General information
- Type: Ultralight trike
- National origin: United States
- Manufacturer: GibboGear
- Designer: Mark Gibson
- Status: Production completed

= GibboGear Butterfly =

American ultralight trike aircraft

The GibboGear Butterfly is an American single-seat, flying wing ultralight trike that was designed by Mark Gibson and produced by his company, GibboGear of Winter Haven, Florida. The aircraft was supplied as a kit for amateur construction.

==Design and development==
The aircraft was designed for the Fédération Aéronautique Internationale microlight class, with the intention of reversing the trend of its period, which saw heavier, more expensive trikes that stall faster and were harder to fly, thus requiring more flight training. The Butterfly addresses these issues by being a simple design and by employing a single surface wing with a large 240 sqft area. Similarly the carriage is simple and lacks options, to reduce cost and weight. The resulting aircraft has a low landing speed of 20 mph at the cost of a low cruise speed of 25 mph.

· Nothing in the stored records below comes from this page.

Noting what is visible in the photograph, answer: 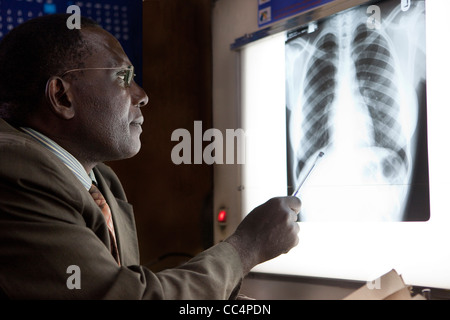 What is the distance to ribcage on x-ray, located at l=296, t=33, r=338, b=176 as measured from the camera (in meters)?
1.49

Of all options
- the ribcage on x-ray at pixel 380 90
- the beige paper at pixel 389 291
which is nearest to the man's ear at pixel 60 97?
the beige paper at pixel 389 291

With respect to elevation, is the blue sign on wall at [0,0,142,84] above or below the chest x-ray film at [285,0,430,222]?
above

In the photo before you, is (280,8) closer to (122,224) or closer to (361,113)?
(361,113)

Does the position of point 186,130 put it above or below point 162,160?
above

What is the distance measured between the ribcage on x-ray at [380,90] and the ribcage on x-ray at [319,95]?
0.09m

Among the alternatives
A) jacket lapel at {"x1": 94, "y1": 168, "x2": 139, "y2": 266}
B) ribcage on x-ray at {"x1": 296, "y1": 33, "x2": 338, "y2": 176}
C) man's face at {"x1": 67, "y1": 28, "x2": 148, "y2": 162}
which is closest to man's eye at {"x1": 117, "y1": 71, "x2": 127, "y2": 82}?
man's face at {"x1": 67, "y1": 28, "x2": 148, "y2": 162}

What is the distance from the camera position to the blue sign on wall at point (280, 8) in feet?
5.26

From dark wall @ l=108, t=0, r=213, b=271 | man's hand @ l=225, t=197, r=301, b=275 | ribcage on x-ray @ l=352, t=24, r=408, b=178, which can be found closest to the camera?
man's hand @ l=225, t=197, r=301, b=275

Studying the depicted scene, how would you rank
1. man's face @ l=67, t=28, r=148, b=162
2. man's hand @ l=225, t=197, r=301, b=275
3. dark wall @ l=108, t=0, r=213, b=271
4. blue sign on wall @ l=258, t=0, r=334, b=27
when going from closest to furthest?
man's hand @ l=225, t=197, r=301, b=275 < man's face @ l=67, t=28, r=148, b=162 < blue sign on wall @ l=258, t=0, r=334, b=27 < dark wall @ l=108, t=0, r=213, b=271

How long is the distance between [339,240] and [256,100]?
24.4 inches

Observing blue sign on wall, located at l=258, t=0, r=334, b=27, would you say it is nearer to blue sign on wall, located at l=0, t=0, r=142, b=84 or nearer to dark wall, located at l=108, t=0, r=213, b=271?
dark wall, located at l=108, t=0, r=213, b=271

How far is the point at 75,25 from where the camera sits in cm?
106

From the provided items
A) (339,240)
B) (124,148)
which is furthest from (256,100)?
(124,148)

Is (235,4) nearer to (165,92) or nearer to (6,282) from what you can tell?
(165,92) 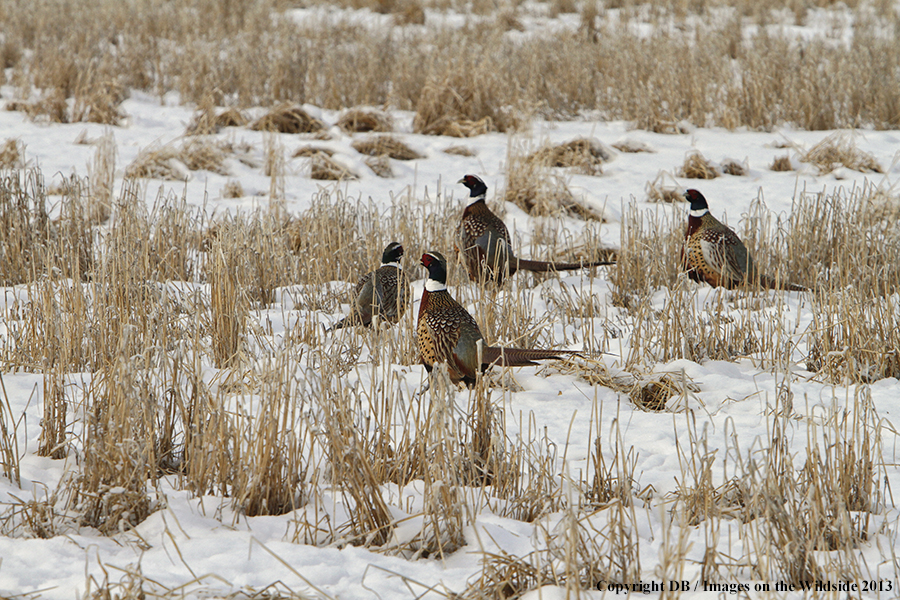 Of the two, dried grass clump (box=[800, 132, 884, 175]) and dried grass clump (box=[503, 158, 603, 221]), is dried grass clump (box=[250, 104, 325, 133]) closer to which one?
dried grass clump (box=[503, 158, 603, 221])

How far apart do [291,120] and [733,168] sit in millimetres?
4884

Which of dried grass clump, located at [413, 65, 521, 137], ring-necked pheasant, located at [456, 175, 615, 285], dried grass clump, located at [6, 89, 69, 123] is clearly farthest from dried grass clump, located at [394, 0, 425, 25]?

The Butterfly features a cable-braced hang glider-style high-wing, weight-shift controls, a single-seat, open cockpit, tricycle landing gear and a single engine in pusher configuration. The aircraft's single surface wing is made from bolted-together aluminum tubing, covered in Dacron sailcloth. The wing is supported by a single tube-type kingpost and uses an "A" frame control bar. When the aircraft was in production the wing was also available from the factory as a kit, as well as fully assembled. The landing gear uses tubular suspension and the nose wheel is steerable. The engines that were factory-supplied included the twin-cylinder, two-stroke air-cooled 40 hp Rotax 447 and 50 hp Rotax 503.